GSoC 2020 ideas

LiberTEM is participating in the Google Summer of Code as a sub-organization of the Python Software Foundation. As a student, you can get paid by Google for three months, have fun working on an interesting open source software project, gain real-world development experience, and do something that looks nice on your CV!

  • Check out our description and project ideas below

  • Contact us if you’d like to work on LiberTEM

  • Prepare a proposal together with us

  • You submit your application at the Google Summer of Code homepage to the Python Software Foundation organization, naming LiberTEM as the sub-organization.

Why LiberTEM

LiberTEM is an open source platform for high-throughput distributed processing of pixelated scanning transmission electron microscopy (STEM) data. It is created to deal with the terabytes of data that modern high-speed high-resolution detectors for electron microscopy can produce. Our Architecture page describes in more detail how exactly it works.

In pixelated STEM, a full diffraction image is recorded for each scan position.
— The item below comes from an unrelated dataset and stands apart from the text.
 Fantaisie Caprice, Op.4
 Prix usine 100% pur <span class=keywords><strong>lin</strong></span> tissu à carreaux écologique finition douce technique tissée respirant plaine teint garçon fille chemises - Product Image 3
In pixelated STEM, a sample is scanned with a focused electron beam, and a full image of the transmitted beam is recorded for each scan position. The result is a four-dimensional data hypercube. This application can generate tremendous amounts of data from high-resolution scans with a high-speed high-resolution detector.
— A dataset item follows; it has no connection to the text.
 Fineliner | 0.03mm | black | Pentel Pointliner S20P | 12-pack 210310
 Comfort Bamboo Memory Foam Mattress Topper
The project started in the beginning of 2018 and is currently attracting more and more users because it is orders of magnitude faster and more scalable than established solutions.

Working on LiberTEM will give you experience in developing distributed systems for high-performance data processing with Python. You can learn how to profile an application and optimize performance in a targeted way. See Performance for benchmarking results. LiberTEM has its roots in electron microscopy, but can be adopted for other tasks that involve high-throughput data-parallel processing of very large binary data sets.

Envisioned future architecture of LiberTEM

LiberTEM currently implements distributed offline data processing as shown on the right of this figure, and is designed to be extended to high-throughput distributed live data processing as illustrated on the left.

If you work on our GUI, you’ll learn how a responsive web application for big data analytics can be built with a front-end based on TypeScript, React and Redux, and an asynchronous Python back-end based on Tornado and dask.distributed.

Working on the application side will give you experience in Python-based big data analytics of large-scale binary data sets with a focus on imaging, physics and materials science with industry-leading throughput and efficiency.

About us

Alex is an experienced software engineer, systems administrator, Python programmer, web developer, and expert on profiling and performance optimization. He focuses on the implementation side of LiberTEM.

Dieter has an interdisciplinary background in materials science, computer science, product development, product management and business administration. He is taking care of the application and business side of LiberTEM.

We’d be happy to share our experience with you!

How to reach us

The easiest path is our Gitter channel: https://gitter.im/LiberTEM/Lobby

E-Mail: Dieter Weber Alexander Clausen

Just drop a message! We are based in Germany (UTC+1 / UTC+2) and are generally active during normal working hours.

Getting started

If you have questions, please ask freely: Supporting users and contributors has a high priority for us and your questions help us improve our documentation.

Installation

Please see our Installation instructions for details! Forking our repository, cloning the fork and Installing from a git clone are the recommended setup if you will be contributing significant amounts of code. Our Contributing page has some information that can help you get started with development.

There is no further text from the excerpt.